1.1.19 (core) / 0.17.19 (libraries)#

New#

  • The FreshnessPolicy object now supports a cron_schedule_timezone argument.
  • AssetsDefinition.from_graph now supports a freshness_policies_by_output_name parameter.
  • The @asset_sensor will now display an informative SkipReason when no new materializations have been created since the last sensor tick.
  • AssetsDefinition now has a to_source_asset method, which returns a representation of this asset as a SourceAsset.
  • You can now designate assets as inputs to ops within a graph or graph-based job. E.g.
from dagster import asset, job, op

@asset
def emails_to_send():
    ...

@op
def send_emails(emails) -> None:
    ...

@job
def send_emails_job():
    send_emails(emails_to_send.to_source_asset())
  • Added a --dagit-host/-h argument to the dagster dev command to allow customization of the host where Dagit runs.
  • [dagster-snowflake, dagster-duckdb] Database I/O managers (Snowflake, DuckDB) now support static partitions, multi-partitions, and dynamic partitions.

Bugfixes#

  • Previously, if a description was provided for an op that backed a multi-asset, the op’s description would override the descriptions in Dagit for the individual assets. This has been fixed.
  • Sometimes, when applying an input_manager_key to an asset’s input, incorrect resource config could be used when loading that input. This has been fixed.
  • Previously, the backfill page errored when partitions definitions changed for assets that had been backfilled. This has been fixed.
  • When displaying materialized partitions for multipartitioned assets, Dagit would error if a dimension had zero partitions. This has been fixed.
  • [dagster-k8s] Fixed an issue where setting runK8sConfig in the Dagster Helm chart would not pass configuration through to pods launched using the k8s_job_executor.
  • [dagster-k8s] Previously, using the execute_k8s_job op downstream of a dynamic output would result in k8s jobs with duplicate names being created. This has been fixed.
  • [dagster-snowflake] Previously, if the schema for storing outputs didn’t exist, the Snowflake I/O manager would fail.
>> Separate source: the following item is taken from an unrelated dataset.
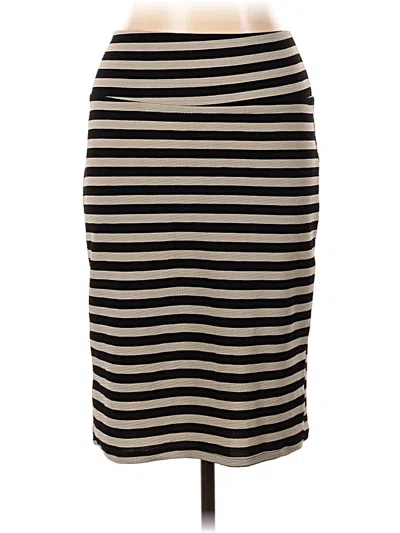 Pre-owned Lularoe Casual Skirt In Tan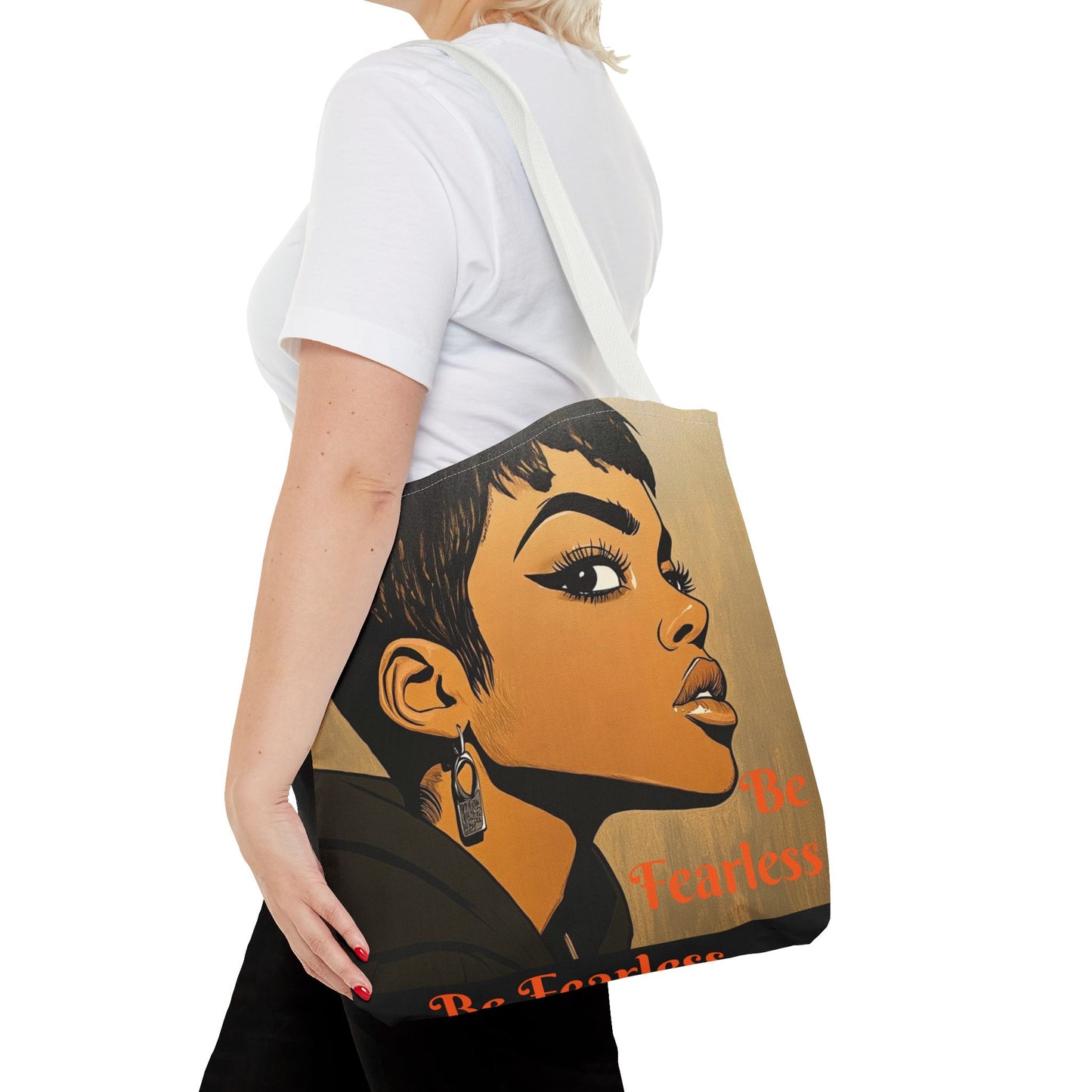 Be Fearless Tote Bag (AOP) #T12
Now it creates the schema.

Breaking Changes#

  • Removed the experimental, undocumented asset_key, asset_partitions, and asset_partitions_defs arguments on Out.
  • @multi_asset no longer accepts Out values in the dictionary passed to its outs argument. This was experimental and deprecated. Instead, use AssetOut.
  • The experimental, undocumented top_level_resources argument to the repository decorator has been renamed to _top_level_resources to emphasize that it should not be set manually.

Community Contributions#

  • load_asset_values now accepts resource configuration (thanks @Nintorac!)
  • Previously, when using the UPathIOManager, paths with the "." character in them would be incorrectly truncated, which could result in multiple distinct objects being written to the same path. This has been fixed. (Thanks @spenczar!)

Experimental#

  • [dagster-dbt] Added documentation to our dbt Cloud integration to cache the loading of software-defined assets from a dbt Cloud job.

Documentation#

  • Revamped the introduction to the Partitions concepts page to make it clear that non-time-window partitions are equally encouraged.
  • In Navigation, moved the Partitions and Backfill concept pages to their own section underneath Concepts.
  • Moved the Running Dagster locally guide from Deployment to Guides to reflect that OSS and Cloud users can follow it.
  • Added a new guide covering asset versioning and caching.